Ventura Unified School District started a two-way immersion kindergarten class at Montalvo School about a decade ago. Five more dual-language programs have since come online at elementary and middle schools in Camarillo, Rio, Hueneme and Ventura.
In the fall, three more campuses are expected to be added to the list. Classes are set to start at Tierra Vista in the Ocean View School District; Juan Soria, a new campus in the Oxnard School District, and at Will Rogers in Ventura, which will start the district’s first schoolwide program.
“I think parents throughout the state recognize the value of having their kids be bilingual and biliterate. It’s a huge advantage,” said Associate Superintendent Roger Rice of the Ventura County Office of Education.
The county office plans to start regular meetings in the fall, bringing educators in the dual-language programs together to share best practices, Rice said.
All the local programs are offered in Spanish and English, and in most cases, classes are split evenly between native English and native Spanish speakers. The schools differ, however, in some aspects, including the amount of time students in the programs spend learning in each language.
“We’re really excited,” said Ocean View Assistant Superintendent Marcia Turner. Tierra Vista will have two dual-immersion kindergarten classes this fall, Turner said. Classes will have about one-third Spanish-speakers, one-third English-speakers and one-third bilingual students.
May attract students, funding
District and school officials had planned to reach out to the community with an information campaign to fill the available spots. But after announcing the move at the spring open house, families signed up, filling every seat.
In Ventura, the first class of two-way immersion students at Montalvo will move to high school this fall, having finished immersion classes at Anacapa Middle School. Many already have met college entrance requirements for foreign language studies.
“We knew there was plenty of interest to have a second program,” said Jennifer Robles, a bilingual education director for Ventura schools. This year, about 20 families were on a waiting list at Montalvo School.
Those students were offered a spot at Will Rogers, which will have dual-immersion in all four of its kindergarten classes this August.
Each year, as students move up a class, a grade level will be added to the program.
With the state’s fiscal crisis prompting layoffs and other cuts at local districts, officials said some might question why schools would start new programs. Dual-immersion doesn’t cost the district more money to run than current programs, Robles said, and it benefits students.

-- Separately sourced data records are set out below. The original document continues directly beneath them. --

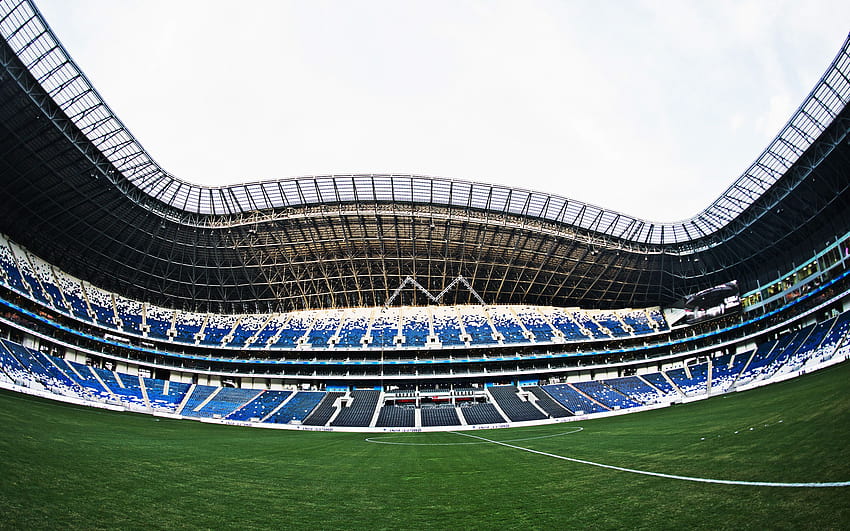 Estadio BBVA Bancomer, Guadalupe, Nuevo Leon, เม็กซิโก, สนามฟุตบอลเม็กซิกัน, สนามกีฬา Monterrey CF, El Gigante de Acero, The Steel Giant ที่มีความละเอียด 2560x1600 คุณสูง วอลล์เปเปอร์ HD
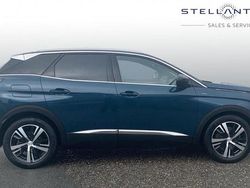 Blue Used 2022 Peugeot 3008 GT SUV | £18,219 (Fair price)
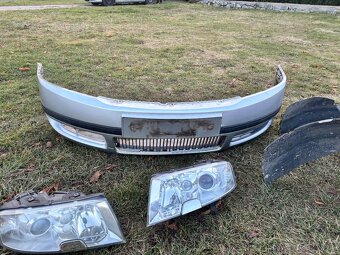 Škoda Superb 1 2.0tdi 103kw díly z vozu ihned - 8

Turner said Ocean View officials think it might eventually bring more funding to the district by attracting more students.
Teaching students in Spanish began to disappear in California public schools after voters approved Proposition 227 in 1998, which banned bilingual education unless parents of English learners sign a yearly waiver consenting to the class.
Families see benefit
In two-way or dual-immersion programs, English learners and speakers learn two languages, unlike some bilingual programs in which native Spanish speakers learn in Spanish only until they master English.
Families want their kids to learn a second language while keeping their first language, Robles said, and the dual-immersion programs allow that to happen.
Carlos Avila’s daughter Penelope, 5, will start kindergarten at Will Rogers in August.
“I want her to know that it’s OK to speak a different language,” Avila said. His parents were fluent in English and Spanish, but he learned Spanish only by taking classes in school.
He took part in a student exchange program in Spain. There, he said, children are encouraged to learn multiple languages, unlike the culture he has experienced in the United States.
Because of his family’s Spanish-speaking history, Avila loves that his daughter will learn Spanish and English. But, he added, “I would love to see (programs) not just in Spanish but other languages, too.”